--- Exercise ---
Using the records below, copy exactly the part that opens with the line holding "Deep V Print Ruffle One-Piece Swimsuit" and closes with the line holding "Venus Denim Blue LASER PRINT SKINNY JEANS", minus the pictures.

--- Exercise inputs ---
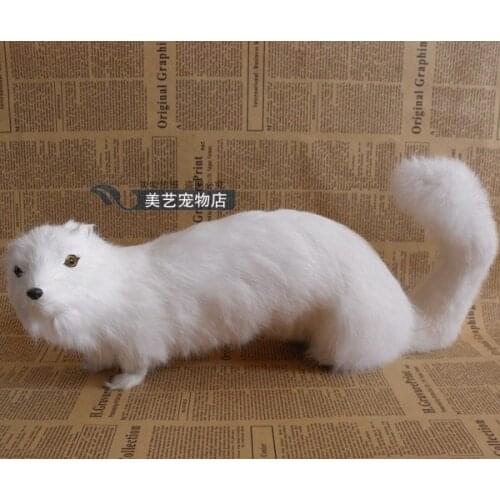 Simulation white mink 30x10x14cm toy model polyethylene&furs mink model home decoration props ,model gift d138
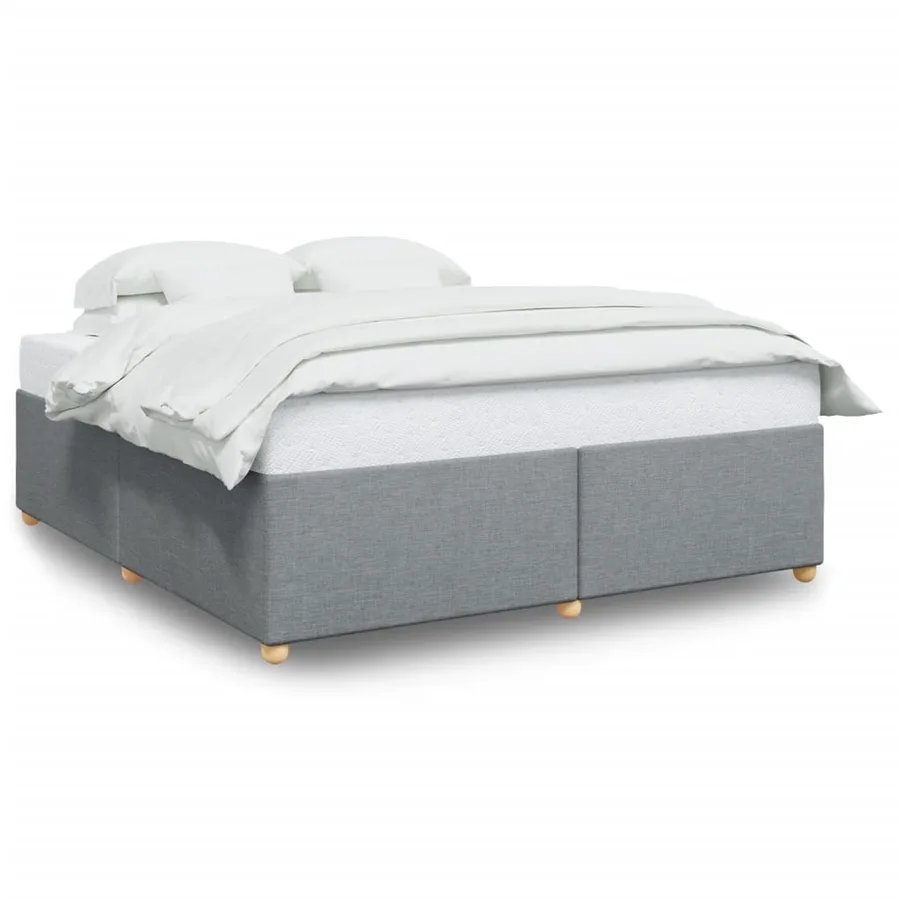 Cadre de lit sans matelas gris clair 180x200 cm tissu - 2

...

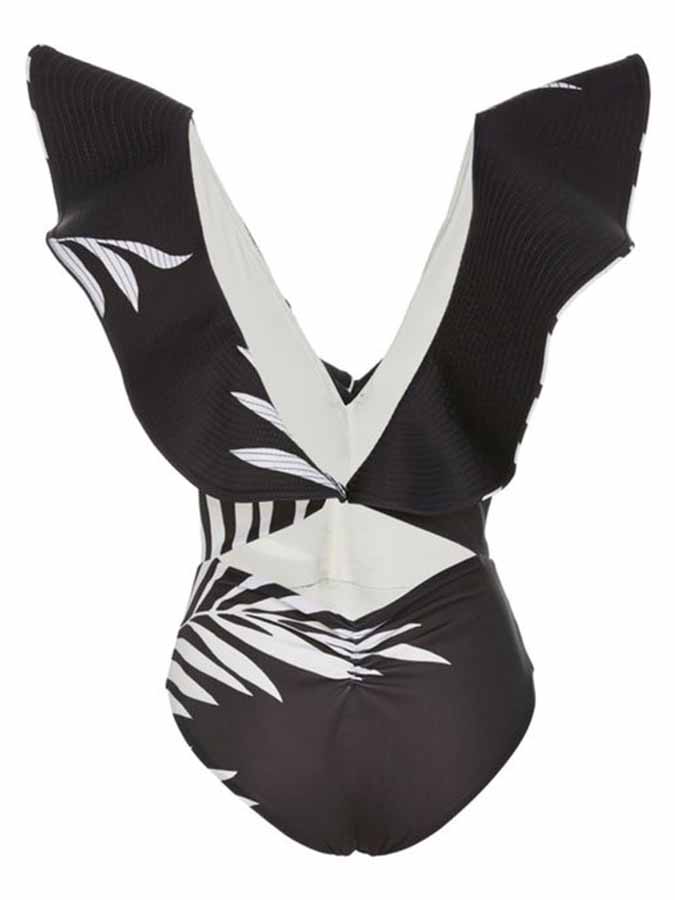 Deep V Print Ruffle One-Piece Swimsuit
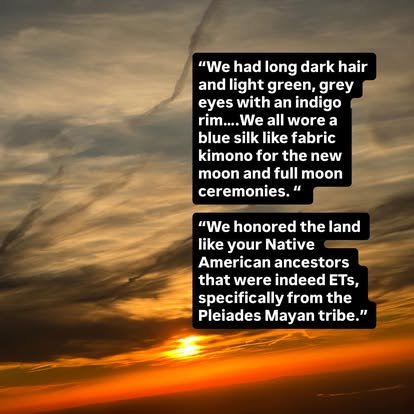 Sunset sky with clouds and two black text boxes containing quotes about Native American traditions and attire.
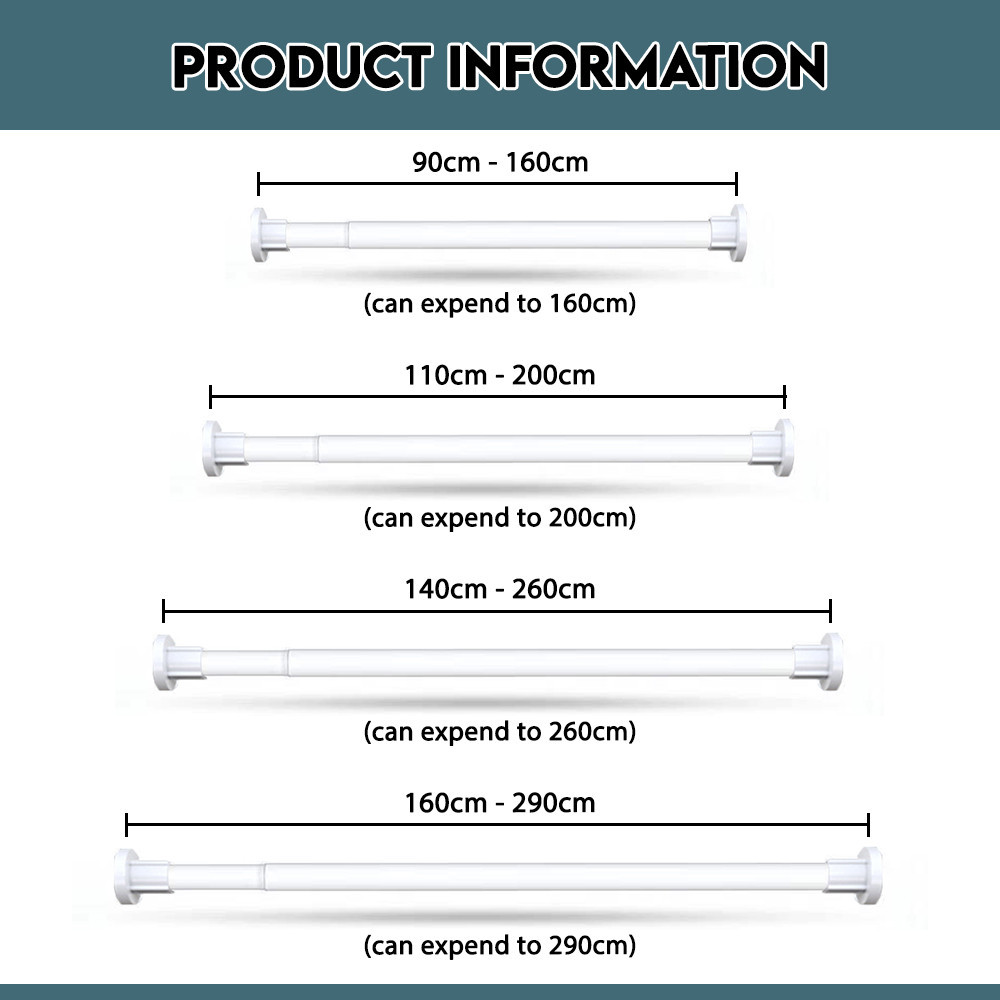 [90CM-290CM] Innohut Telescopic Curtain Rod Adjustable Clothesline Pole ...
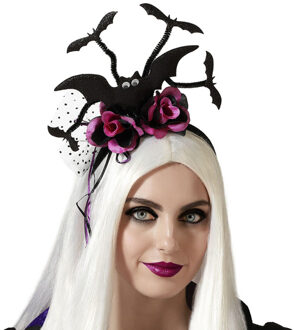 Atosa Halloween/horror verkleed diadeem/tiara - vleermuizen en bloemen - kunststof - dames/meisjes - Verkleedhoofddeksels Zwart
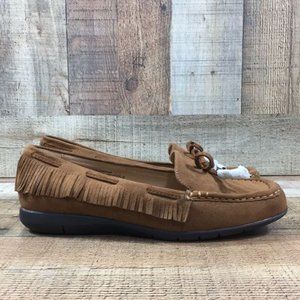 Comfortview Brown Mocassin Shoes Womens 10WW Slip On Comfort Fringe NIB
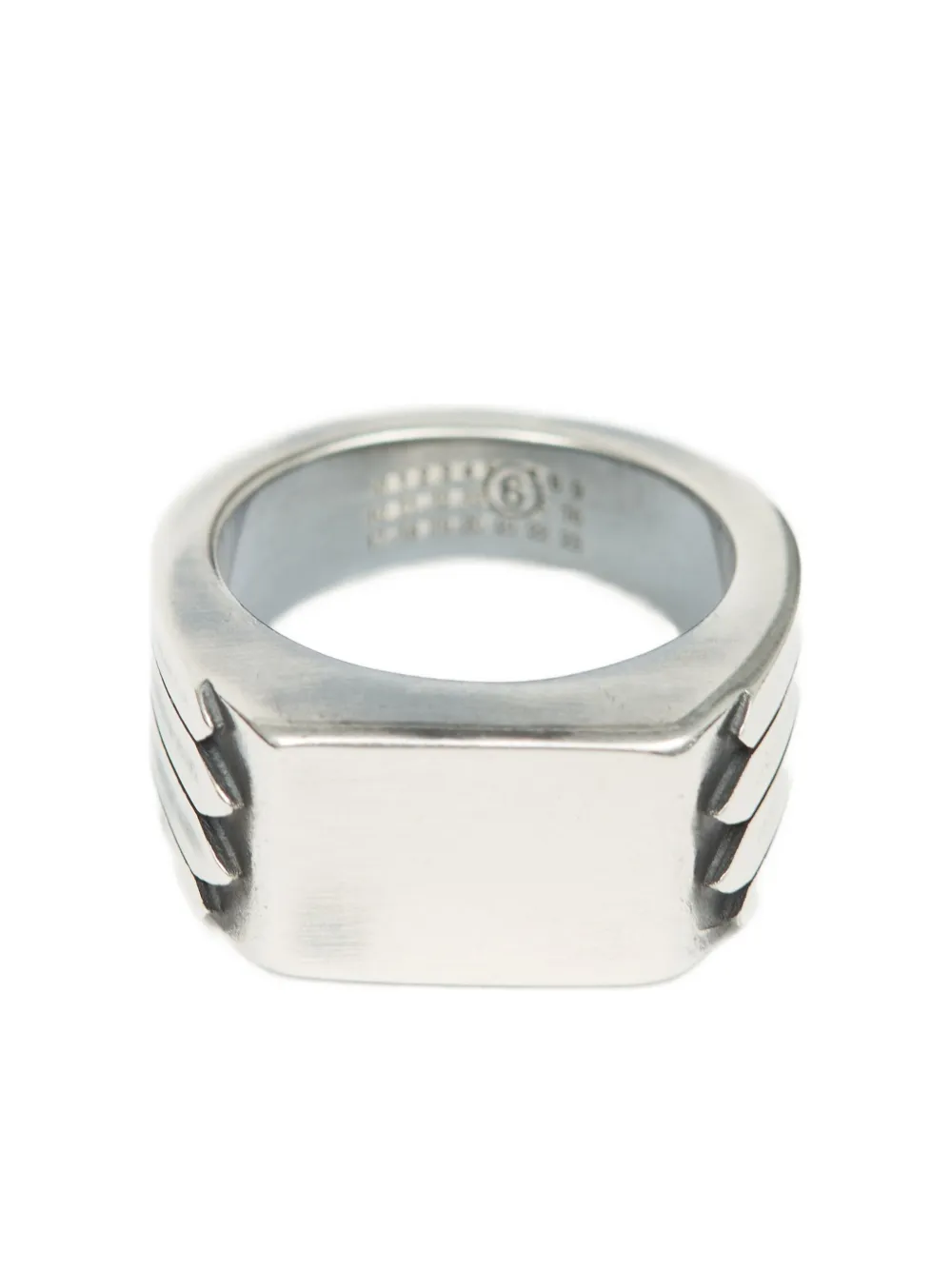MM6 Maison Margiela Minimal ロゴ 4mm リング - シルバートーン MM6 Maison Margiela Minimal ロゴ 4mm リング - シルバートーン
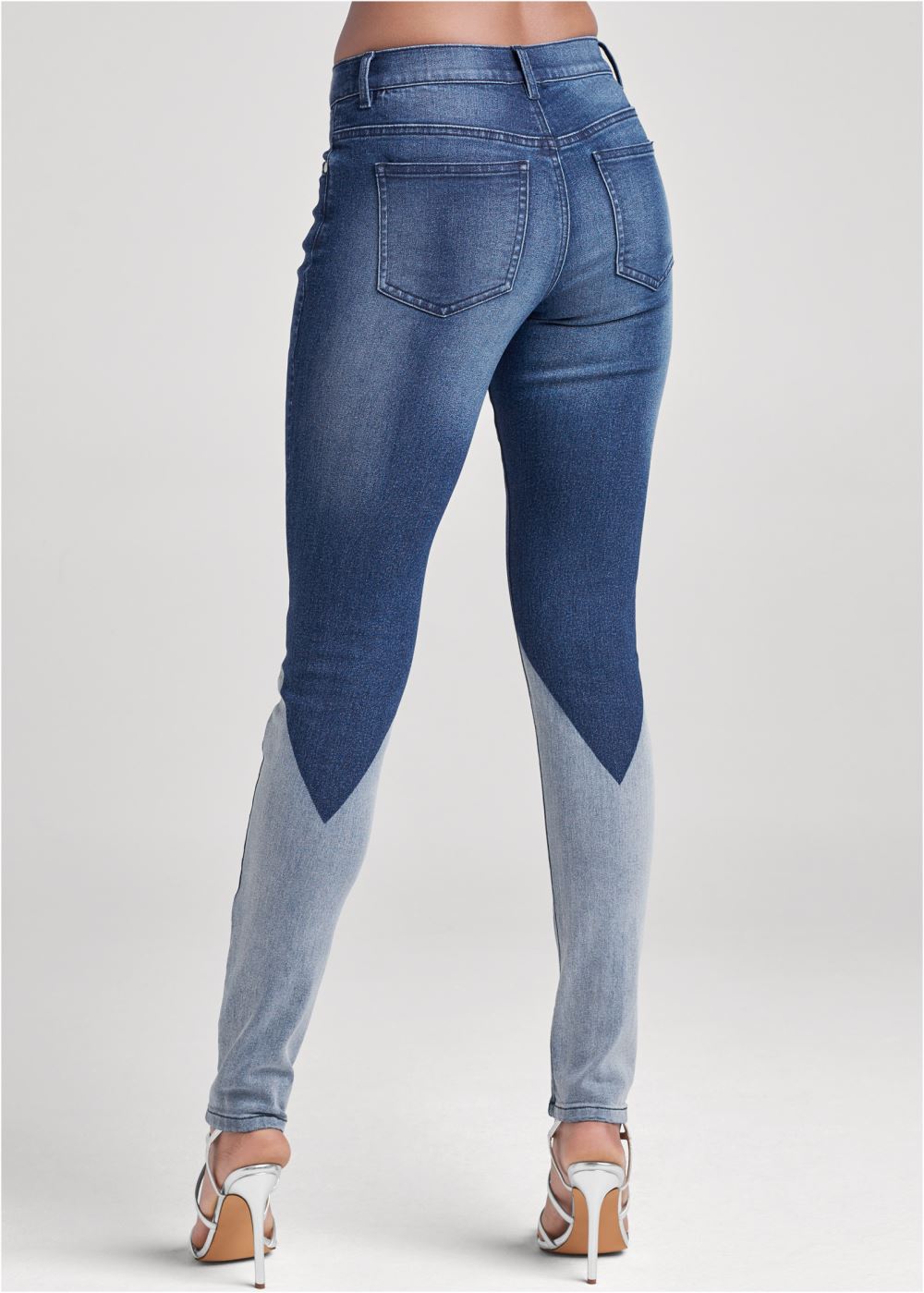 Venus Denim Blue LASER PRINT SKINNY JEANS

--- Response to the task ---
 Deep V Print Ruffle One-Piece Swimsuit
 Sunset sky with clouds and two black text boxes containing quotes about Native American traditions and attire.
 [90CM-290CM] Innohut Telescopic Curtain Rod Adjustable Clothesline Pole ...
 Atosa Halloween/horror verkleed diadeem/tiara - vleermuizen en bloemen - kunststof - dames/meisjes - Verkleedhoofddeksels Zwart
 Comfortview Brown Mocassin Shoes Womens 10WW Slip On Comfort Fringe NIB
MM6 Maison Margiela Minimal ロゴ 4mm リング - シルバートーン MM6 Maison Margiela Minimal ロゴ 4mm リング - シルバートーン
 Venus Denim Blue LASER PRINT SKINNY JEANS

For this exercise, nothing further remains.